Adversity may not equal trauma. Or it may. 

Added to that dare I suggest the environment they then find themselves in once adopted, empathic informed parents in supportive education environments will surely skew the risks again. Un empathic parents struggling with behaviour will have another impact on risks.

This was all provoked by a question on social media asking if all adopted children will experience mental ill health. An avalanche of responses ensued with lots of certainties expressed, people with lived experience speaking in certain terms countered by people with lived experience that was the exact opposite. Those who's second cousins best friend knew an adoptee that's fine and never even had a grumpy day, countered by someone else who knew someone else whose life was blighted. All trying to find some sort of certainty.

It's was a madness of anecdote, self taught certainty, wisdom, knowledge, passion, anger and all the usual social media comment frenzy. 

I look at my, remarkable, children who have overcome unfathomable adversity and they cannot be reduced to a simple equation,  A + B does not equal C. Adoption + Child = Mental Ill Health, it's much more complicated than that. 

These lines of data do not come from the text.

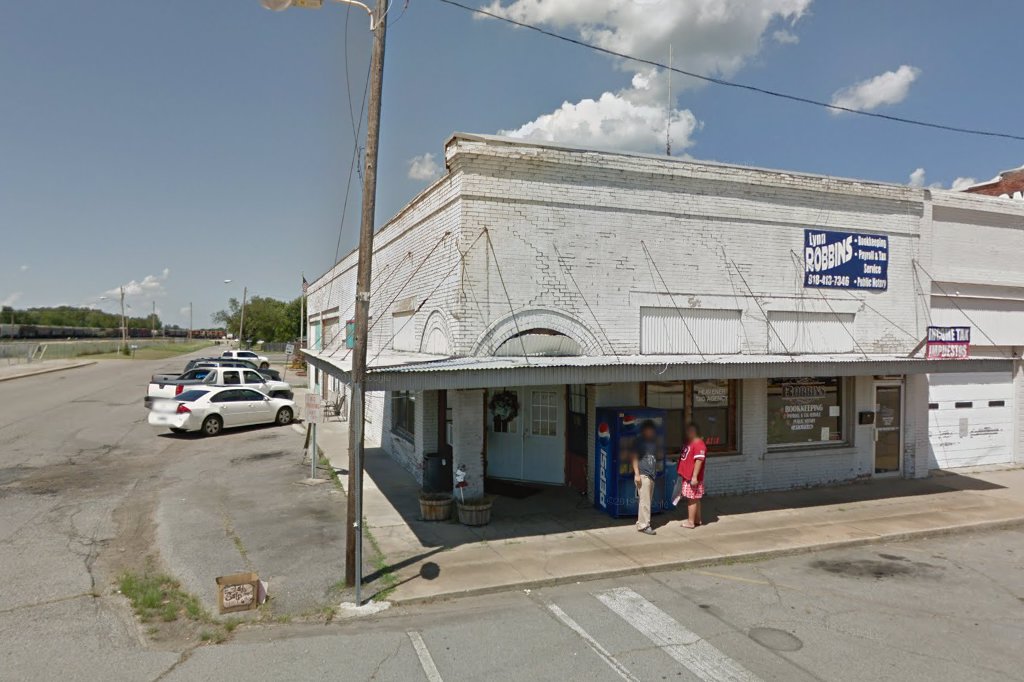 Heavener Driver License Exam Station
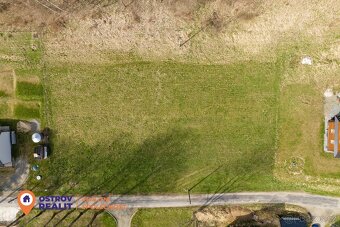 Prodej stavební parcely, 1075 m², Sobotín - část Rudoltice - 12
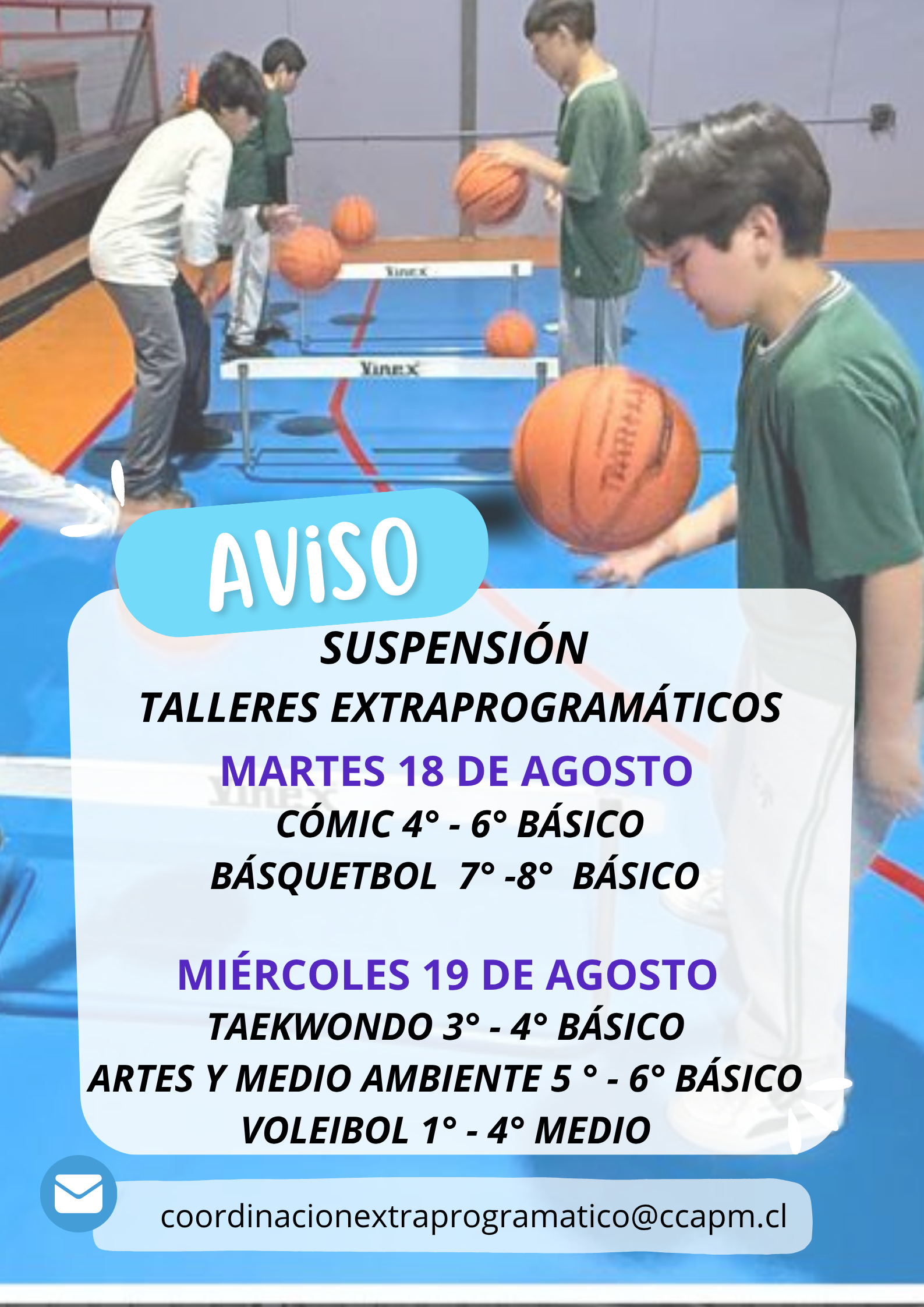 Colegio Colonos de Alerce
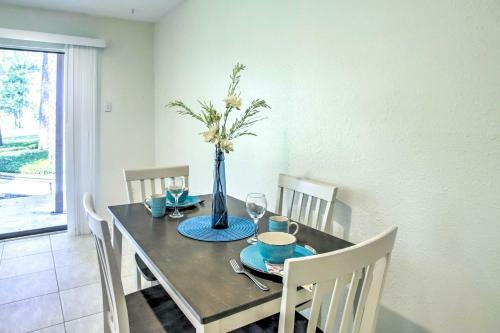 Apartamento Walden Golf Course Condo Near Lake Conroe!
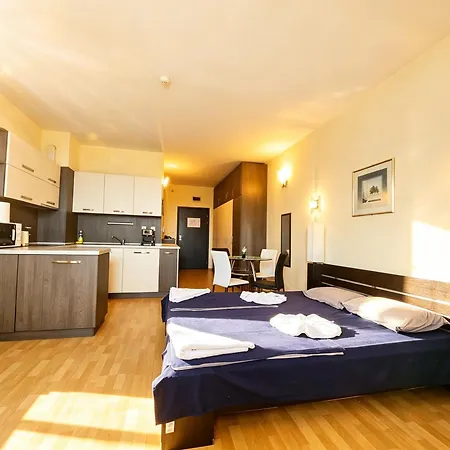 Europroperties Yalta Golden Sands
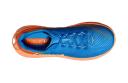 Hoka Rincon 3 Shoes Navy Blue Orange - 41(1/3)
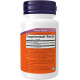 Коензим Q10 кофермент Now Foods CoQ10 100 мг 50 гел капс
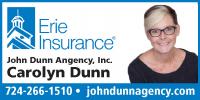 John S. Dunn Agency logo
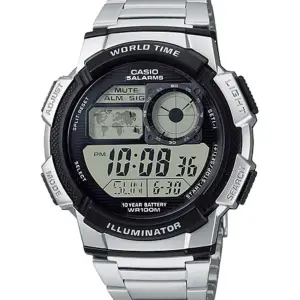 CASIO AE-1000WD-1AVDF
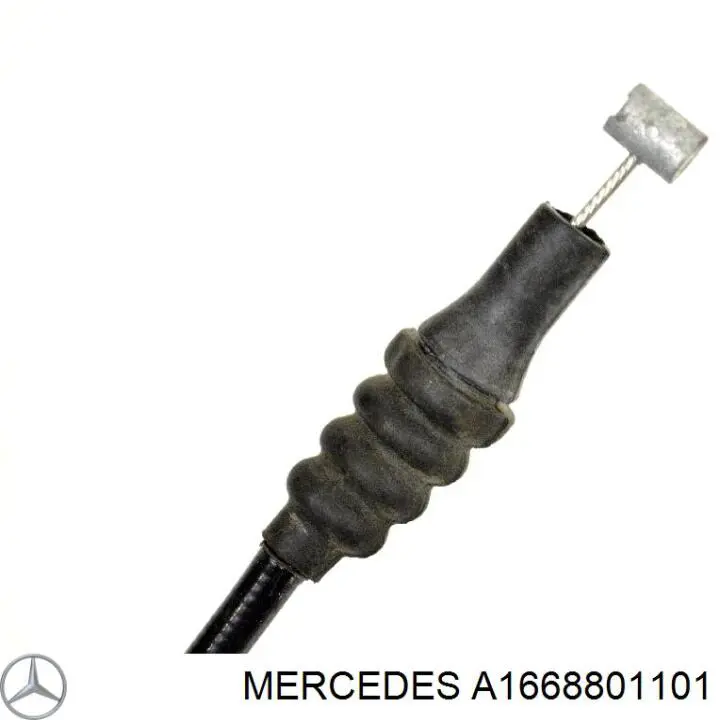  Mercedes A1668801101 preço, a partir de 37,80 USD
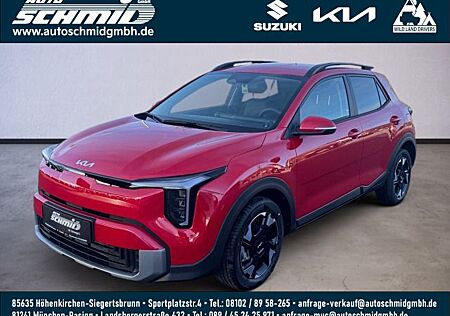 Kia Stonic 1.0T 100 DCT VISION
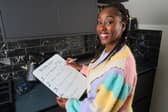 TV property expert Scarlette Douglas has developed a set of practical tips to help tackle the domestic to-do list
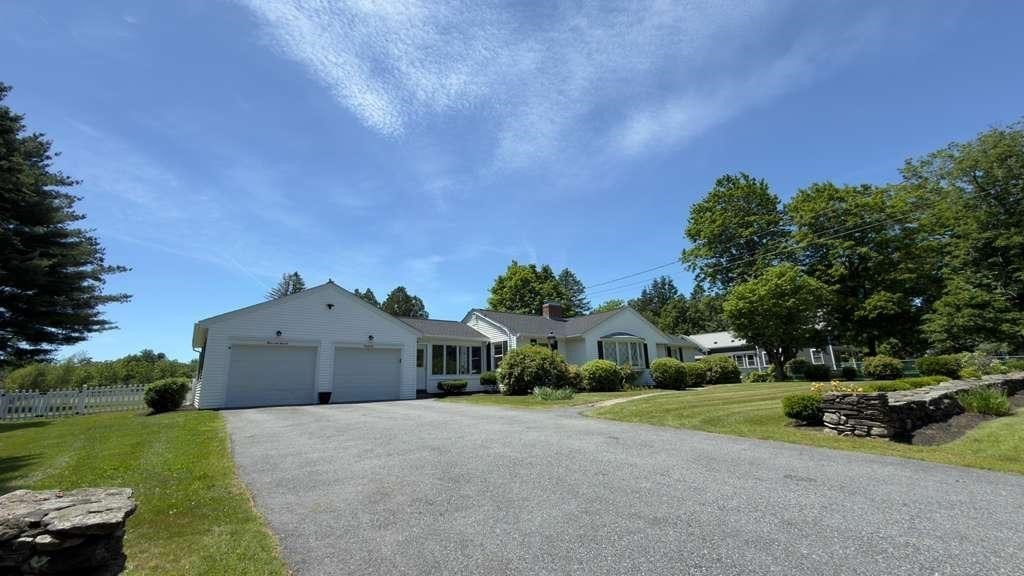 91 Pleasant St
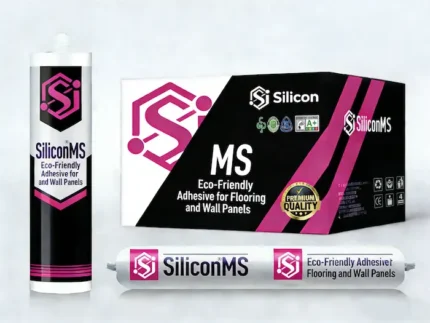 MS Anti-mold Ceramic Sealant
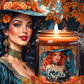 Bonfire Nights Soy Candle
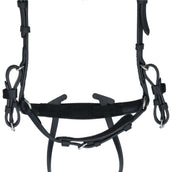 Kavalkade Bride Caliano Via Noir/Argent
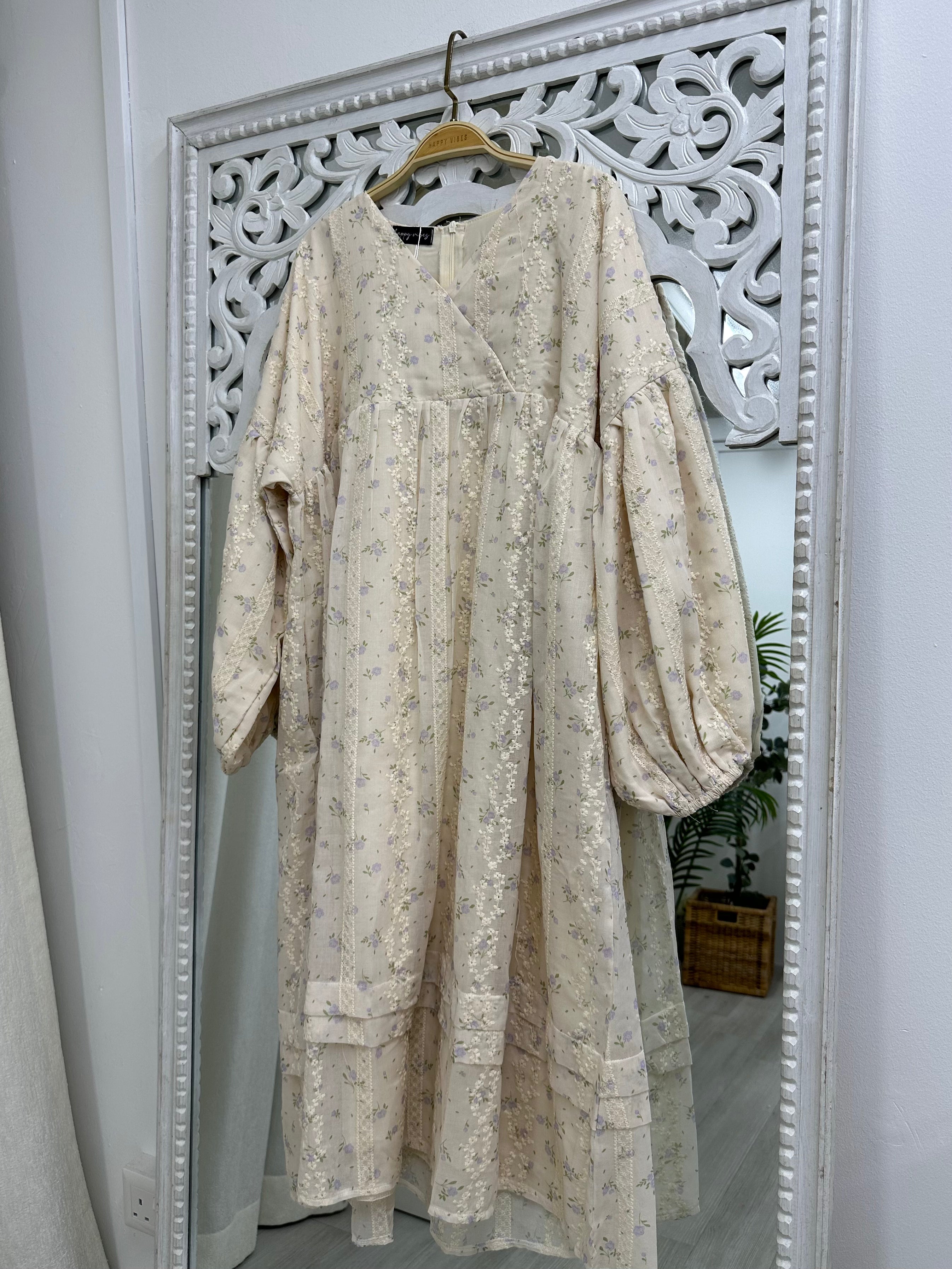 Kimora Tunic - Mira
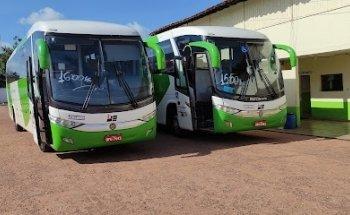 Garagem da boa esperança em Bragança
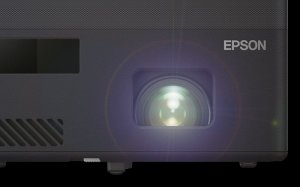 Epson EF-12 data projector Standard throw projector 1000 ANSI lumens 3LCD 1080p (1920x1080) Black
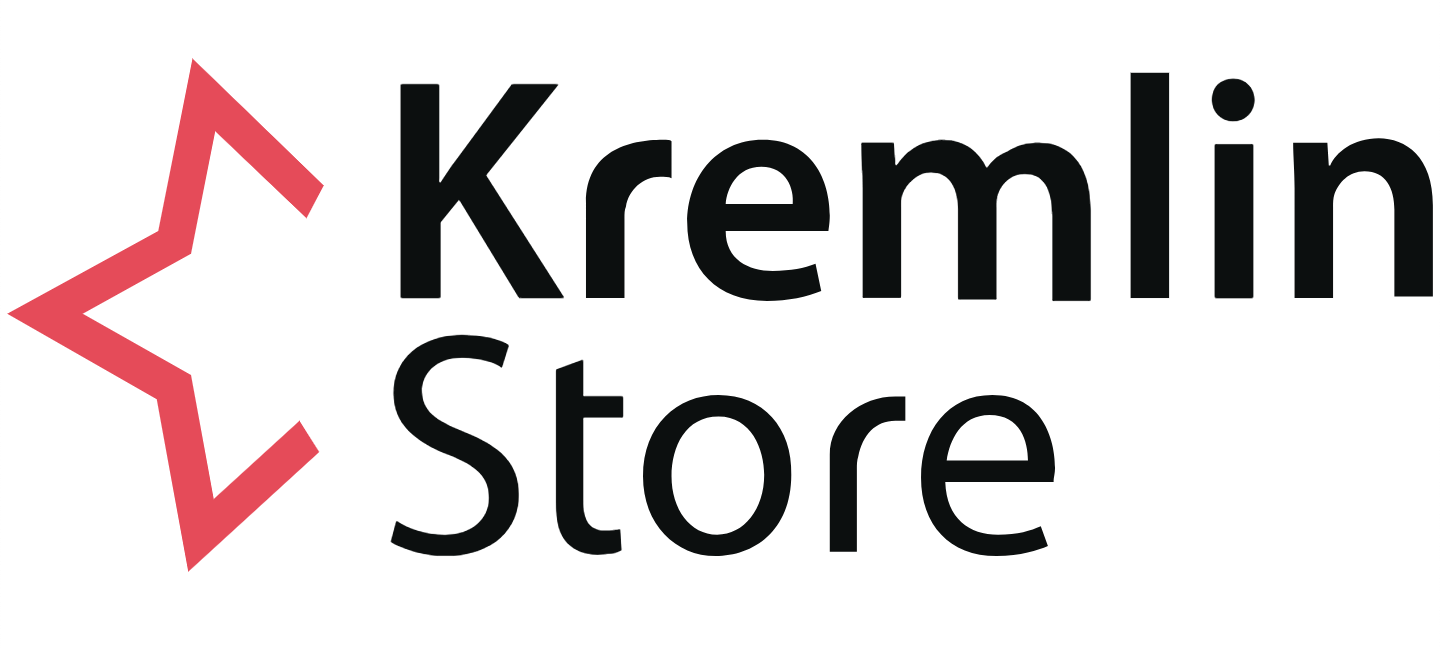 Kremlin Store Интернет Магазин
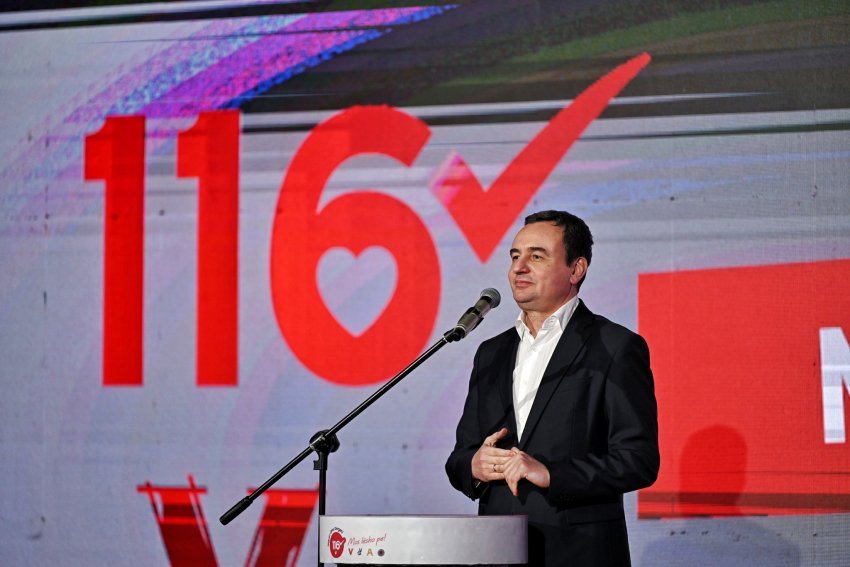 Nga bujqësia te ushtria, nga fëmijët te investimet kapitale – Kurti shpalos vizionin e mandatit të ri 1 nga bujqesia te ushtria nga femijet te investimet kapitale kurti shpalos vizionin e mandatit te ri 6944757ec026e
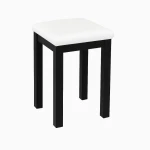 Taboret kuchenny 30 cm nogi Drewniane I ArtDHome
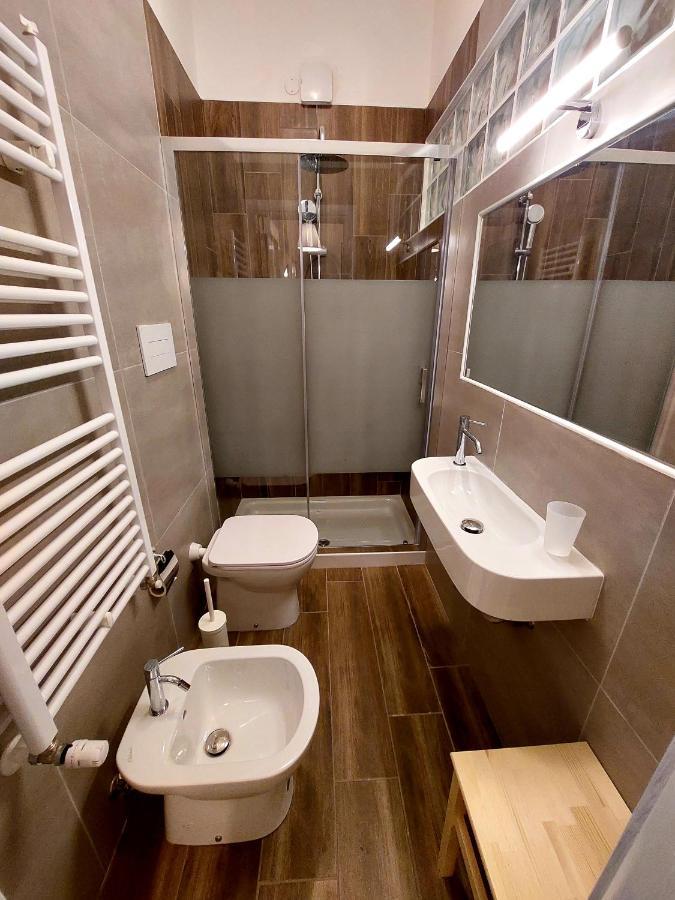 Casa Magnolia Appartement Pomezia Buitenkant foto
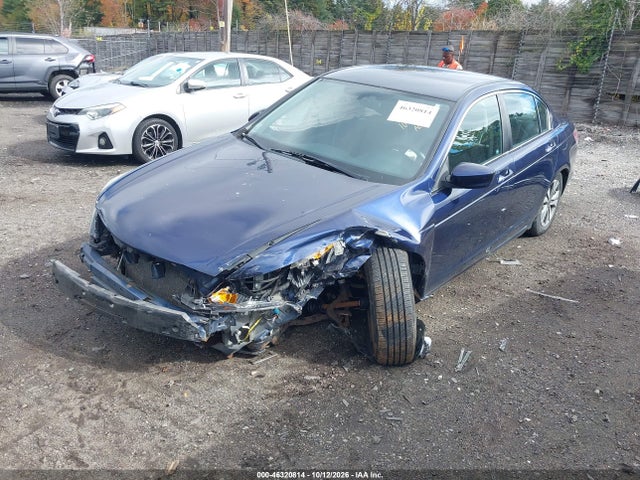 Продаж на аукціоні авто 2012 Honda Accord 2.4 Lx, vin: 1HGCP2F32CA099894, номер лоту: 46320814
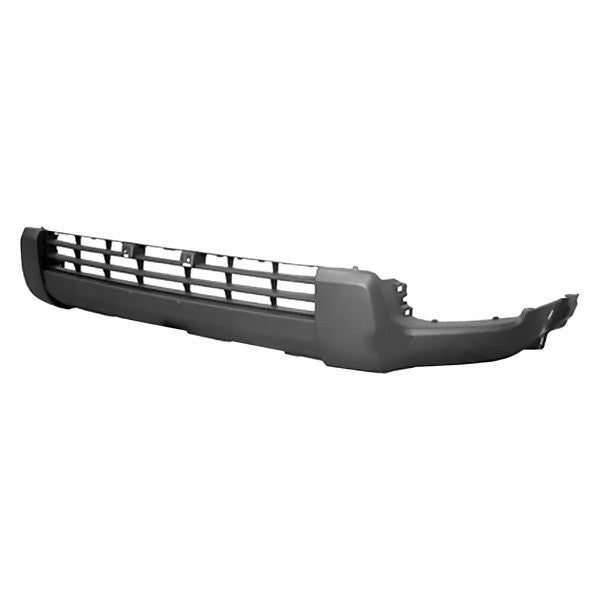 CAPA FRT BUMPER COVER LOWER GRAY/PRIME TOYOTA 4RUNNER 0305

However, there's enough stigma and mythologies around children who've come through the care system and into adoption that we can scrap the inevitability of doom narrative as a starting point.  

The madness of social media is that it thrives in the frenzy of absolutes and that's the crux of of this post.
After 20 years parenting in this world is my absolute belief that there are no absolutes other than all adopted children have experienced adversity. Beyond that is...............well uncertain.